Roasted Butternut with Luxlait Skyr

    1
    Bowl of roasted vegetables with skyr yogurt

    Cuisine · Fusion
    Total Time 50 minutes
    4 servings

    For the butternut

    • 1 large butternut squash seeds scooped out and sliced into 5 mm pieces
    • Olive oil
    • 1 tbsp Za’atar
    • Salt and pepper
    • 4 garlic cloves unpeeled
    • A few cilantro leaves for serving
    • Chilli flakes for serving

    For the spicy cilantro sauce

    • 1 medium bunch fresh cilantro leaves torn off
    • 2 jalapeños halved and seeds removed
    • 2 medium garlic cloves
    • ½ tsp ground cumin
    • ½ tsp sea salt
    • 120 ml olive oil more if needed

    For the garlic Skyr

    • 1 pot LUXLAIT Skyr 450 g
    • The roasted garlic cloves
    • 2 tsp lemon juice
    • Preheat the oven to 200°C (fan).
    • Prepare the butternut: Place the squash slices and unpeeled garlic cloves on a large baking sheet.

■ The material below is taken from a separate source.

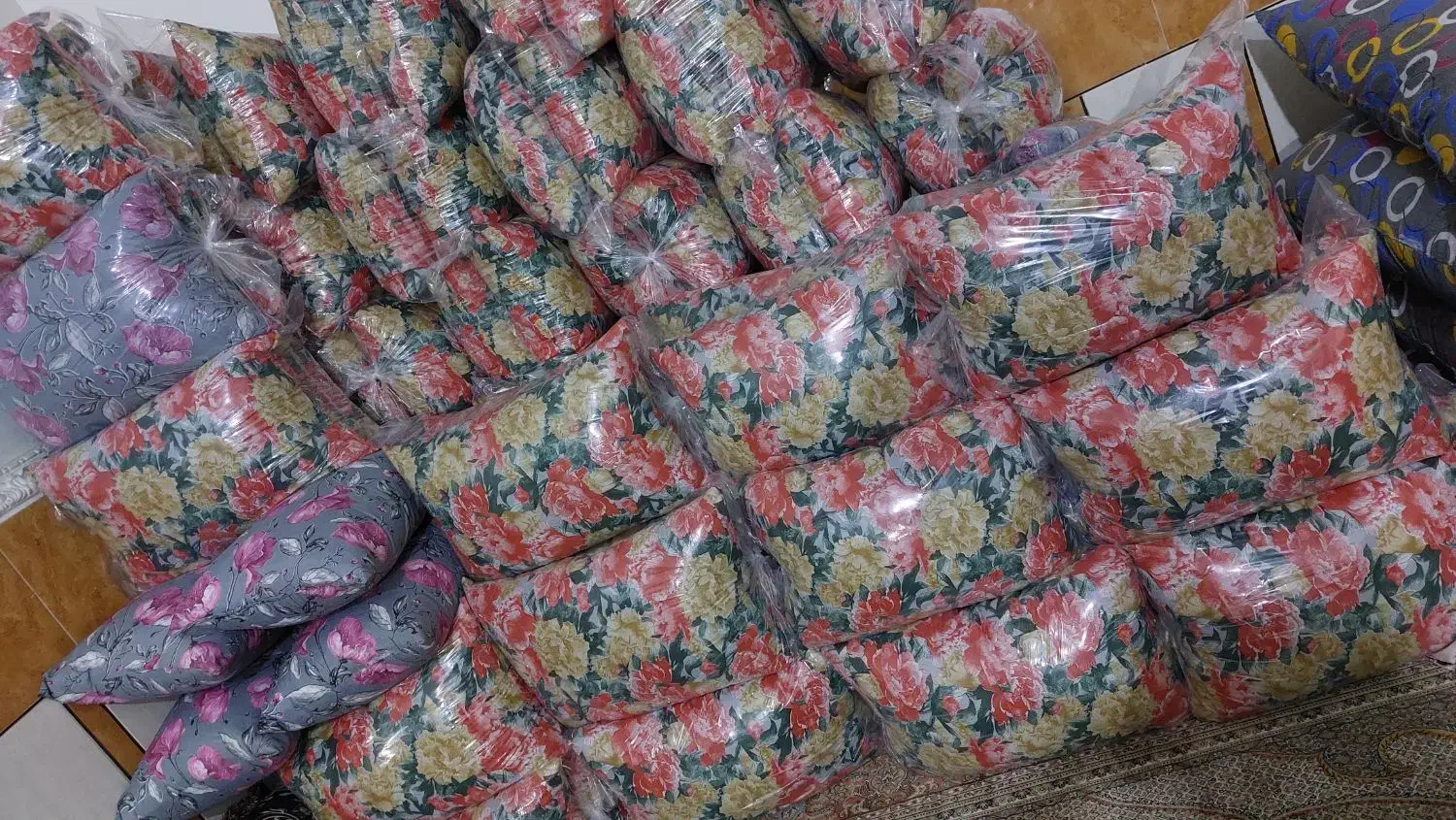 پنبه زنی و کالای خواب سفارشات وتعمیرات وعیره|رختخواب، بالش، پتو|بندرعباس, |دیوار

Drizzle with olive oil, season with Za’atar, salt, and pepper, then toss until evenly coated. Roast for about 35 minutes, turning halfway through for even browning.
    • Make the cilantro sauce: While the squash roasts, blend the cilantro, jalapeños, garlic, cumin, salt, and olive oil until mostly smooth. Add a little more olive oil if needed, and adjust seasoning to taste.
    • Prepare the garlic Skyr: Once roasted, mash the garlic cloves in a bowl and discard the peels. Mix in the Skyr and lemon juice, then season with salt and pepper.
    • Assemble: Spread the garlic Skyr over a large plate. Arrange the roasted butternut on top, spoon over the cilantro sauce, and garnish with fresh cilantro leaves and chilli flakes.